School of Software Engineering, South China University of Technology, Guangzhou, China.
School of Data Science and Information Engineering, Guizhou Minzu University, Guiyang, China.
BMC Genomics. 2024 Nov 9;25(1):1062. doi: 10.1186/s12864-024-10978-9.

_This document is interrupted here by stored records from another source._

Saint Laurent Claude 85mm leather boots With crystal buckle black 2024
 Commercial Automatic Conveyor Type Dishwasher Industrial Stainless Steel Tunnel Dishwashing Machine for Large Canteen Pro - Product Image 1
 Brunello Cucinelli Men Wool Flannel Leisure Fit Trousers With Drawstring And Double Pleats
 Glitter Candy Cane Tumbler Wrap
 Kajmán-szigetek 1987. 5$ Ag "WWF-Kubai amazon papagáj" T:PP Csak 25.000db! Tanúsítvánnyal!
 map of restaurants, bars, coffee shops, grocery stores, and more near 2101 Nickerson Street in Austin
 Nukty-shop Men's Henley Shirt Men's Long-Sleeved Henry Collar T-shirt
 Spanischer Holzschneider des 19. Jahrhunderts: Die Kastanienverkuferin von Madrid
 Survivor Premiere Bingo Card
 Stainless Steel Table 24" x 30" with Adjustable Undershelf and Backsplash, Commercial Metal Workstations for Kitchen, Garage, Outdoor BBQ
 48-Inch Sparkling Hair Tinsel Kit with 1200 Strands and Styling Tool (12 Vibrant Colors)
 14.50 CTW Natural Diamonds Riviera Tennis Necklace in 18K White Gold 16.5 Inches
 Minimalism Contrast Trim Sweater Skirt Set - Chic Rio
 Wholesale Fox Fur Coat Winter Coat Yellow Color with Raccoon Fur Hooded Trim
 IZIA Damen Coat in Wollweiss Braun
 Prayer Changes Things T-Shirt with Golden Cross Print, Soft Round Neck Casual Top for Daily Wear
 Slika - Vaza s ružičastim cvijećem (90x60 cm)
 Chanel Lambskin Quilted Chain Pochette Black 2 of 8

Sequencing-based genetic testing is widely used in biomedical research, including pathogenic microorganism detection with metagenomic next-generation sequencing (mNGS). The application of sequencing results to clinical diagnosis and treatment relies on various interpretation knowledge bases. Currently, the existing knowledge bases are primarily built through manual knowledge extraction. This method requires professionals to read extensive literature and extract relevant knowledge from it, which is time-consuming and costly. Furthermore, manual extraction unavoidably introduces subjective biases. In this study, we aimed to automatically extract knowledge for interpreting mNGS results.
We propose a novel approach to automatically extract pathogenic microorganism knowledge based on the question-answer (QA) model. First, we construct a MicrobeDB dataset since there is no available pathogenic microorganism QA dataset for training the model. The created dataset contains 3,161 samples from 618 published papers covering 224 pathogenic microorganisms. Then, we fine-tune the selected baseline model based on MicrobeDB. Finally, we utilize ChatGPT to enhance the diversity of training data, and employ data expansion to increase training data volume.
Our method achieves an Exact Match (EM) and F1 score of 88.39% and 93.18%, respectively, on the MicrobeDB test set. We also conduct ablation studies on the proposed data augmentation method. In addition, we perform comparative experiments with the ChatPDF tool based on the ChatGPT API to demonstrate the effectiveness of the proposed method.
Our method is effective and valuable for extracting pathogenic microorganism knowledge.
基于测序的基因检测广泛应用于生物医学研究,包括宏基因组下一代测序(mNGS)检测致病微生物。测序结果在临床诊断和治疗中的应用依赖于各种解释知识库。目前,现有的知识库主要是通过手动知识提取构建的。这种方法需要专业人员阅读大量文献并从中提取相关知识,既耗时又昂贵。此外,手动提取不可避免地会引入主观偏见。在这项研究中,我们旨在自动提取 mNGS 结果的解释知识。
我们提出了一种基于问答(QA)模型自动提取致病微生物知识的新方法。首先,我们构建了一个 MicrobeDB 数据集,因为目前没有可用的致病微生物 QA 数据集来训练模型。创建的数据集包含 3161 个样本,来自 618 篇已发表的论文,涵盖 224 种致病微生物。然后,我们根据 MicrobeDB 微调选定的基线模型。最后,我们利用 ChatGPT 来增强训练数据的多样性,并采用数据扩展来增加训练数据量。
我们的方法在 MicrobeDB 测试集上的精确匹配(EM)和 F1 分数分别达到 88.39%和 93.18%。我们还对所提出的数据增强方法进行了消融研究。此外,我们还基于 ChatGPT API 与 ChatPDF 工具进行了对比实验,以证明所提出方法的有效性。
我们的方法对于提取致病微生物知识是有效和有价值的。